NGC 2992: The interplay between the multiphase disk, wind and radio bubbles

TL;DR

This study analyzes the multiphase gas dynamics in NGC 2992, revealing complex interactions between the disk, wind, and radio bubbles across molecular and ionised phases, with implications for galaxy feedback processes.

Contribution

It provides the first detailed multi-phase kinematic analysis of NGC 2992, highlighting the interaction between the disk, wind, and radio bubbles across different gas phases.

Findings

The ionised wind reaches velocities over -1000 km/s within 600 pc.

The molecular outflow mass is approximately 5.8 x 10^7 solar masses.

Radio bubbles are interacting with the surrounding medium through shocks.

Abstract

We present an analysis of the gas kinematics in NGC 2992, based on VLT/MUSE, ALMA and VLA data, aimed at characterising the disk, the wind and their interplay in the cold molecular and warm ionised phases. CO(2-1) and H$\rm \alpha~$ arise from a multiphase disk with inclination 80 deg and radii 1.5 and 1.8 kpc, respectively. We find that the velocity dispersion of the cold molecular phase is consistent with that of star forming galaxies at the same redshift, except in the inner 600 pc region, and in the region between the cone walls and the disk. This suggests that a disk-wind interaction locally boosts the gas turbulence. We detect a clumpy ionised wind distributed in two wide opening angle ionisation cones reaching scales of 7 kpc. The [O III] wind expands with velocity exceeding -1000 km/s in the inner 600 pc, a factor of 5 larger than the previously reported wind velocity. Based on spatially resolved electron density and ionisation parameter maps, we infer an ionised outflow mass of $M_{\rm of,ion} = (3.2 \pm 0.3) \times \, 10^7 \, M_{\odot}$, and a total ionised outflow rate of $\dot M_{\rm of,ion}=13.5\pm1$ \sfr. We detected clumps of cold molecular gas located above and below the disk reaching maximum projected distances and velocities of 1.7 kpc and 200 km/s, respectively. On these scales, the wind is multiphase, with a fast ionised component and a slower molecular one, and a total mass of $M_{\rm of, ion+mol}= 5.8 \times 10^7 \, M_{\odot}$, of which the molecular component carries the bulk of the mass.

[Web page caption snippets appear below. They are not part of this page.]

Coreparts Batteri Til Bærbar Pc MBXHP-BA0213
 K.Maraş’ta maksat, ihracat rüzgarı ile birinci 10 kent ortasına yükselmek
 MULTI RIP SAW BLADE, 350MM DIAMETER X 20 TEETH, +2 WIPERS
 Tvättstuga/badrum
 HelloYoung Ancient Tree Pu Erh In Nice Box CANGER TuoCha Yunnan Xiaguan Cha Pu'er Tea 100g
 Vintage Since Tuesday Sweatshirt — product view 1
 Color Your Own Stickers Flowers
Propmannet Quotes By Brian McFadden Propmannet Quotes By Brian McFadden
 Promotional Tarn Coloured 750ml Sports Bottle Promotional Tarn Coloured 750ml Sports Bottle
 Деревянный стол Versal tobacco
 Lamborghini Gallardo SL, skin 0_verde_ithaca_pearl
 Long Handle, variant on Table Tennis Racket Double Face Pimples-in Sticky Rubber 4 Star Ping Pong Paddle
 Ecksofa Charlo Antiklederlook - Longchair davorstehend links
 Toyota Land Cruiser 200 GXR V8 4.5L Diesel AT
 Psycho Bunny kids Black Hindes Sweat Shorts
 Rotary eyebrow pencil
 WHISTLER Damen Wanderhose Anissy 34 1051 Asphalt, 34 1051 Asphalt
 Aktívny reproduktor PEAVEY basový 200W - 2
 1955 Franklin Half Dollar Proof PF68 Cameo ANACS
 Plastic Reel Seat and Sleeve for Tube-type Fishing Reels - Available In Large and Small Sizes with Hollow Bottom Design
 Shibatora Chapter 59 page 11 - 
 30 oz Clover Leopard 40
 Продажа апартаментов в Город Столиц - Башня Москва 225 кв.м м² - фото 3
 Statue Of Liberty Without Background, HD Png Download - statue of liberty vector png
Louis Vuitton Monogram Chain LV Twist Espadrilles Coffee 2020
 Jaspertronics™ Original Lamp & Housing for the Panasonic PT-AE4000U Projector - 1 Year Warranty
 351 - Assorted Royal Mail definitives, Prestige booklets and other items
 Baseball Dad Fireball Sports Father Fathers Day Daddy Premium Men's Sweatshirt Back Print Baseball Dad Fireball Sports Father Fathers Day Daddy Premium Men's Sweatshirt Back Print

The dusty molecular outflowing clumps and the turbulent ionised gas are located at the edges of the radio bubbles, suggesting that the bubbles interact with the surrounding medium through shocks. We detect a dust reservoir co-spatial with the molecular disk, with a cold dust mass $M_{\rm dust} = (4.04 \pm 0.03) \times \, 10^{6} \, M_{\odot}$.